EXERCISE REQUIREMENTS
From the line containing "Parts manual for" through the last line, print the records exactly and nothing else.

··· TASK MATERIAL

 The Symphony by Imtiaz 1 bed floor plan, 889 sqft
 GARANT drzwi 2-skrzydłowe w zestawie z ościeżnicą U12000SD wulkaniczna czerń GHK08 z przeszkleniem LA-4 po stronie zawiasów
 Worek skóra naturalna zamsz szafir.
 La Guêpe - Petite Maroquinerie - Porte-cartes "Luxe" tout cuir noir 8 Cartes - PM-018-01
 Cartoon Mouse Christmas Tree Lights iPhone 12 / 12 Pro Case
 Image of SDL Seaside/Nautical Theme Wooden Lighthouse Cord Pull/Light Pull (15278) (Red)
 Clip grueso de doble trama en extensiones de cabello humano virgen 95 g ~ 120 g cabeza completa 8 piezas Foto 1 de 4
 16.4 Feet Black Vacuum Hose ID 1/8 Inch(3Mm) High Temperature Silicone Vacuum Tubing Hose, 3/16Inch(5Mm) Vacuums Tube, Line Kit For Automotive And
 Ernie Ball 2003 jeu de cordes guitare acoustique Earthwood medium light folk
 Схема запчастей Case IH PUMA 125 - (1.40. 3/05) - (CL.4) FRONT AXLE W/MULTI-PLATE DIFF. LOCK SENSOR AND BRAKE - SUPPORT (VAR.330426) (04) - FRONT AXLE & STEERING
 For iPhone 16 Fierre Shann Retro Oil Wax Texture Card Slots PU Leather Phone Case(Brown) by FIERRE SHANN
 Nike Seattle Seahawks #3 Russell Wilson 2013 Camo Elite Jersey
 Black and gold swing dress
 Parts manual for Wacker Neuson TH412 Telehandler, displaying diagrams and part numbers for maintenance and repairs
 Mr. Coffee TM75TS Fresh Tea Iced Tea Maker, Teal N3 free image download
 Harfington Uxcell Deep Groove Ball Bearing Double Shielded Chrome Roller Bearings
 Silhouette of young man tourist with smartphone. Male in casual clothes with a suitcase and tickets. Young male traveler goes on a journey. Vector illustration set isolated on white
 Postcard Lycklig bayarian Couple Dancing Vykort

······

REPLY
 Parts manual for Wacker Neuson TH412 Telehandler, displaying diagrams and part numbers for maintenance and repairs
 Mr. Coffee TM75TS Fresh Tea Iced Tea Maker, Teal N3 free image download
 Harfington Uxcell Deep Groove Ball Bearing Double Shielded Chrome Roller Bearings
 Silhouette of young man tourist with smartphone. Male in casual clothes with a suitcase and tickets. Young male traveler goes on a journey. Vector illustration set isolated on white
 Postcard Lycklig bayarian Couple Dancing Vykort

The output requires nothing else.